In the data below, find the line containing "Coperta cărții O", then set down that line and every later line up to and including the line containing "The Serpent and", exactly.
........
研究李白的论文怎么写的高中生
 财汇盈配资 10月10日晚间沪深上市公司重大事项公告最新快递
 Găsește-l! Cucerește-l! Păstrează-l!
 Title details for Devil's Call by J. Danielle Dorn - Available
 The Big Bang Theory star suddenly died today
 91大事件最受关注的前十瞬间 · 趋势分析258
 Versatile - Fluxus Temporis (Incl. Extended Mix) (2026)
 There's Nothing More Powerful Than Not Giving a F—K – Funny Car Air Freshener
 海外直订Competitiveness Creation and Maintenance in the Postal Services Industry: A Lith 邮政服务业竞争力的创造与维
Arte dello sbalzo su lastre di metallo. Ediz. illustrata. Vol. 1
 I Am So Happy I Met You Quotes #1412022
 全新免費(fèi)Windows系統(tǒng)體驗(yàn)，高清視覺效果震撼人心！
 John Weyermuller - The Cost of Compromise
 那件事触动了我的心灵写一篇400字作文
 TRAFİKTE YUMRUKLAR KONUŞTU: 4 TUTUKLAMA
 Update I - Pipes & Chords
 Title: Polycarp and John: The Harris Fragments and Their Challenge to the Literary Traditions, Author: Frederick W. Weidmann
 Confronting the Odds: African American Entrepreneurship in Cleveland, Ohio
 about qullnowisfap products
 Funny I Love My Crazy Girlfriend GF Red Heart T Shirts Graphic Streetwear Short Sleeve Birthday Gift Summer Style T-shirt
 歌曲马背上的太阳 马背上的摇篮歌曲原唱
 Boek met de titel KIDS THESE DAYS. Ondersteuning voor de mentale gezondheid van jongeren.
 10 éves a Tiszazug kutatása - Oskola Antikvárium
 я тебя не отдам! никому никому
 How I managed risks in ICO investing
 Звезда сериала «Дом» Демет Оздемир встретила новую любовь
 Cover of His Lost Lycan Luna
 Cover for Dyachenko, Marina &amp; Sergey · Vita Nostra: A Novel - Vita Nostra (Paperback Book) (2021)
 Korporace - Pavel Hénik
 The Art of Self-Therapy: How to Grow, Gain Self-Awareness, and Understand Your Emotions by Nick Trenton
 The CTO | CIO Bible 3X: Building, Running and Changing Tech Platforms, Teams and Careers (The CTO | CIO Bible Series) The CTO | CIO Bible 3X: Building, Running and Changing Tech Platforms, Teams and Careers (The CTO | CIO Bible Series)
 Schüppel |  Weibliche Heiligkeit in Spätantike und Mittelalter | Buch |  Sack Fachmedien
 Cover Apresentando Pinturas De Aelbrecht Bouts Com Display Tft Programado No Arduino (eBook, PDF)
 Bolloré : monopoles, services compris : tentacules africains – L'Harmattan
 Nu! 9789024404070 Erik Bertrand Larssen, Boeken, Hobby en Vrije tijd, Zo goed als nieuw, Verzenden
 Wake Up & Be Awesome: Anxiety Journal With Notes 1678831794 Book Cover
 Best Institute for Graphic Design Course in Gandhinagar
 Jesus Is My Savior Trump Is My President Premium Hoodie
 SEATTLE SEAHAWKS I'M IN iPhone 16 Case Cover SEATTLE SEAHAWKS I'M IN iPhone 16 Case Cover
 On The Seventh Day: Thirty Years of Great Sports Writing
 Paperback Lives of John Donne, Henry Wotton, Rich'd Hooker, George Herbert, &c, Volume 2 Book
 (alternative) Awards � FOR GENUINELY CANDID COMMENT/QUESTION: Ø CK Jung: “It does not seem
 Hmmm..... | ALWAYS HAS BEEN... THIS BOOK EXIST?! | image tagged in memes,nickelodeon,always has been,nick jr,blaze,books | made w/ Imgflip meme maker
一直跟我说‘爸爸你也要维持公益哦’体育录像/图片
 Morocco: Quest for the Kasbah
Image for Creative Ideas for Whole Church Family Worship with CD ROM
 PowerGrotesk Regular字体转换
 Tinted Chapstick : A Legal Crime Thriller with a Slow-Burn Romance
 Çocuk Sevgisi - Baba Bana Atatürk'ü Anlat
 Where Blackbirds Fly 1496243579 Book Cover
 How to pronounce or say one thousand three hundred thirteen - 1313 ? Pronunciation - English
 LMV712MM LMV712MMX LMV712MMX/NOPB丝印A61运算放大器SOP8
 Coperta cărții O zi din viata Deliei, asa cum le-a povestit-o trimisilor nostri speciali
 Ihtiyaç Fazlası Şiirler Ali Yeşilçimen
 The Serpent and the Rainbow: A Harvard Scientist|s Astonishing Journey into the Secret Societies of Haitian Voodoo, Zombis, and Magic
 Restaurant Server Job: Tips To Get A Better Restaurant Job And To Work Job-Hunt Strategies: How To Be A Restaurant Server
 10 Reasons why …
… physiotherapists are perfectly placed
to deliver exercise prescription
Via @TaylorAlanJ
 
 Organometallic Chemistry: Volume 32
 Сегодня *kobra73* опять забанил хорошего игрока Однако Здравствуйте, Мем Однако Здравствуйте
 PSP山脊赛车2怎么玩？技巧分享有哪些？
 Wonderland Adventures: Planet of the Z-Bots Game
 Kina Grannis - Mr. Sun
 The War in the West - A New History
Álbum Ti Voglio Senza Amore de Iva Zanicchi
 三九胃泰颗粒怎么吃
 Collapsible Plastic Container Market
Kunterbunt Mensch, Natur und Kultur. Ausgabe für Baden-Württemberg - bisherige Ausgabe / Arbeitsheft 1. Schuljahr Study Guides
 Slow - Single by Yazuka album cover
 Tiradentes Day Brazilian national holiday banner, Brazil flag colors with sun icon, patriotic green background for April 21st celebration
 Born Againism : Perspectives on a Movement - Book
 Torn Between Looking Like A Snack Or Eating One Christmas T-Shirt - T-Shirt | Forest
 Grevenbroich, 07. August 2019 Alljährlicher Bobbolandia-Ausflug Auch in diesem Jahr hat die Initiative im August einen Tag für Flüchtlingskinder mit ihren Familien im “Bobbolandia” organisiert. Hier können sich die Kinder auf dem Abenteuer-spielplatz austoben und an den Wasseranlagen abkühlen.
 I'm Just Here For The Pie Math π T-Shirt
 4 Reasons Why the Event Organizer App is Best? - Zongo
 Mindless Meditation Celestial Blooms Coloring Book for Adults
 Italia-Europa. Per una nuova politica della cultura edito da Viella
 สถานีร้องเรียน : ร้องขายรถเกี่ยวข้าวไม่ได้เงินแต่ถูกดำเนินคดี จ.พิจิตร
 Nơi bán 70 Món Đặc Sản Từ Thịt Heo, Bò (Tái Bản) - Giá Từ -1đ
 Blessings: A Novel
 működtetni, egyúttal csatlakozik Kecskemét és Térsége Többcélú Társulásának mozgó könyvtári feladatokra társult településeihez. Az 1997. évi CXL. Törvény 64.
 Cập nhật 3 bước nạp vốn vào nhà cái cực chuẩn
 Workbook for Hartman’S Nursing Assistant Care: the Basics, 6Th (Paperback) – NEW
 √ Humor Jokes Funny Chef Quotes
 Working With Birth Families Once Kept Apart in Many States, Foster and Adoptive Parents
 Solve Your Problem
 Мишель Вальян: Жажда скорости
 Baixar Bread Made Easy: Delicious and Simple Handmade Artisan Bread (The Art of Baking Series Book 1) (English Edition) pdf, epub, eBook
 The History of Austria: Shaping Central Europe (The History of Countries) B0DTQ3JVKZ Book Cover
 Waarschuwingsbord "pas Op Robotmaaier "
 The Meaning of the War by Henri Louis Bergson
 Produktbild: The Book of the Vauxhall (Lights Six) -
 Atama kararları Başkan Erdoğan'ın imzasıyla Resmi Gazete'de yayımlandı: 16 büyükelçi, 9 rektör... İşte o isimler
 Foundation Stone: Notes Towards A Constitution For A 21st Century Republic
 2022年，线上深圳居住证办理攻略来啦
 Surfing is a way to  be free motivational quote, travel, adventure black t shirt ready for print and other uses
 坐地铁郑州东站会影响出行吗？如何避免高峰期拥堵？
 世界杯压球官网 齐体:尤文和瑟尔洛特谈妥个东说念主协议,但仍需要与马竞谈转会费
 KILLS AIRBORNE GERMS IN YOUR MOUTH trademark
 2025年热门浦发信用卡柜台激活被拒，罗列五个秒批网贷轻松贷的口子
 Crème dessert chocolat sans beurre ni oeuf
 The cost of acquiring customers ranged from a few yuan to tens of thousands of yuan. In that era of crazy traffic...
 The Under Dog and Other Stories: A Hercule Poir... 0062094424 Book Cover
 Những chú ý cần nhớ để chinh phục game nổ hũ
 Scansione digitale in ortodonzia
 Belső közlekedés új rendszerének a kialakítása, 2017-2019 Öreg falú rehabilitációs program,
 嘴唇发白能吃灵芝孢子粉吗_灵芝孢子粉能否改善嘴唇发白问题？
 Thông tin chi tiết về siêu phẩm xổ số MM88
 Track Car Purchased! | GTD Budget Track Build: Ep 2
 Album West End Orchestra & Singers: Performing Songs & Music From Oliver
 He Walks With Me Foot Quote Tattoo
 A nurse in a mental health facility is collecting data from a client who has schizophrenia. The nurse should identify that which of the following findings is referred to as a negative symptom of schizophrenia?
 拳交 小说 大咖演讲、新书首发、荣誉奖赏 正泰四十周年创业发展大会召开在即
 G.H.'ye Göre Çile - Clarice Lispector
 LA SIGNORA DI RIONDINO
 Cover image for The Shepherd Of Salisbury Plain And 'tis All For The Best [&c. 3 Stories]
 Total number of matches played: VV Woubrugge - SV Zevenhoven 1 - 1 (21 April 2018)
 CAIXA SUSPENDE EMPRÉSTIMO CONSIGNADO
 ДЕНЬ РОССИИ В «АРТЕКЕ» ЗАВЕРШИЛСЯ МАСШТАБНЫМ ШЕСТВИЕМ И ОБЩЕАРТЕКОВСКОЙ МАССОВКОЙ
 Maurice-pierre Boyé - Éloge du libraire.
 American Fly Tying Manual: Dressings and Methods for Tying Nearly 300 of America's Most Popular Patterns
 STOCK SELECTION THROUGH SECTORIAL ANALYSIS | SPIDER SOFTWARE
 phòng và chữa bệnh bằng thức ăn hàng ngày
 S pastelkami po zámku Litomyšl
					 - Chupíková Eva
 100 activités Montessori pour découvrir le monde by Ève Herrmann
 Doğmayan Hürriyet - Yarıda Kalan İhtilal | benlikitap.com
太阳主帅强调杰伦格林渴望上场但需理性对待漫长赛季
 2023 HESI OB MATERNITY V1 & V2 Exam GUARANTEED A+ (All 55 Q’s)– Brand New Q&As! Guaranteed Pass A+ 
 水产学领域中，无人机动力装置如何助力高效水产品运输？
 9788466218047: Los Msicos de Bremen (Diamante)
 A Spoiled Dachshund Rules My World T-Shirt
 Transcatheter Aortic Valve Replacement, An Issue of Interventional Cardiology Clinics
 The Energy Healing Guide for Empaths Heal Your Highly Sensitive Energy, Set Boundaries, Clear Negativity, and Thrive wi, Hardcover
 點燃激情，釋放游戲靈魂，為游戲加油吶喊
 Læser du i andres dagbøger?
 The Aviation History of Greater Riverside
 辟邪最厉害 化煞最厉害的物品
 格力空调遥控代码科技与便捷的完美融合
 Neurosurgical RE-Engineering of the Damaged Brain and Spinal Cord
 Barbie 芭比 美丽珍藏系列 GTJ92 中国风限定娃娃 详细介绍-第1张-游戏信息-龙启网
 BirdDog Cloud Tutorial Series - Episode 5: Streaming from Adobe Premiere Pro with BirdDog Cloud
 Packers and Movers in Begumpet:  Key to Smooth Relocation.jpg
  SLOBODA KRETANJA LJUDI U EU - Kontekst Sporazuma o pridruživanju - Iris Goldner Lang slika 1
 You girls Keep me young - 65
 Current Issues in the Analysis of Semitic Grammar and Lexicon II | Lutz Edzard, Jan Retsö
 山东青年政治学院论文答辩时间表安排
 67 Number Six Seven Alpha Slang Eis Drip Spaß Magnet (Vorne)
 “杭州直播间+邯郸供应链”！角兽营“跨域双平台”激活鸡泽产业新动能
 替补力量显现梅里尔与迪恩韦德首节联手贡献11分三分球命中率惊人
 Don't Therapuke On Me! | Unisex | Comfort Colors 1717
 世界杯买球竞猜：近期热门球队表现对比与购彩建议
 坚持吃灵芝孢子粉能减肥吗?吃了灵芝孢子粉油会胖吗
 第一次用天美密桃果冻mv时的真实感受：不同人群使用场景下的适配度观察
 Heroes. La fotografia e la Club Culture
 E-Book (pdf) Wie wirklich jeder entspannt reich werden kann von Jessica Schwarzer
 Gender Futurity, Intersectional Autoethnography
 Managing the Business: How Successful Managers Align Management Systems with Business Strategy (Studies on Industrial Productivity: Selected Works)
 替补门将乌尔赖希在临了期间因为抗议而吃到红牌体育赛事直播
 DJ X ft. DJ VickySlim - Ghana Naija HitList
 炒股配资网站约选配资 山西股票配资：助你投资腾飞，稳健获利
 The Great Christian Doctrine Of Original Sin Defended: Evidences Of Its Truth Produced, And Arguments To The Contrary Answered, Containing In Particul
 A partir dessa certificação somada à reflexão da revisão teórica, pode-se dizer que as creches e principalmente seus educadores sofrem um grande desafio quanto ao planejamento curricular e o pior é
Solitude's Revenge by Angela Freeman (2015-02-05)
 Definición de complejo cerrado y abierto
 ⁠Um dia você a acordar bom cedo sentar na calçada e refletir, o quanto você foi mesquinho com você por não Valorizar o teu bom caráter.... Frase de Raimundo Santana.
........
**FINISHED TASK:**
 Coperta cărții O zi din viata Deliei, asa cum le-a povestit-o trimisilor nostri speciali
 Ihtiyaç Fazlası Şiirler Ali Yeşilçimen
 The Serpent and the Rainbow: A Harvard Scientist|s Astonishing Journey into the Secret Societies of Haitian Voodoo, Zombis, and Magic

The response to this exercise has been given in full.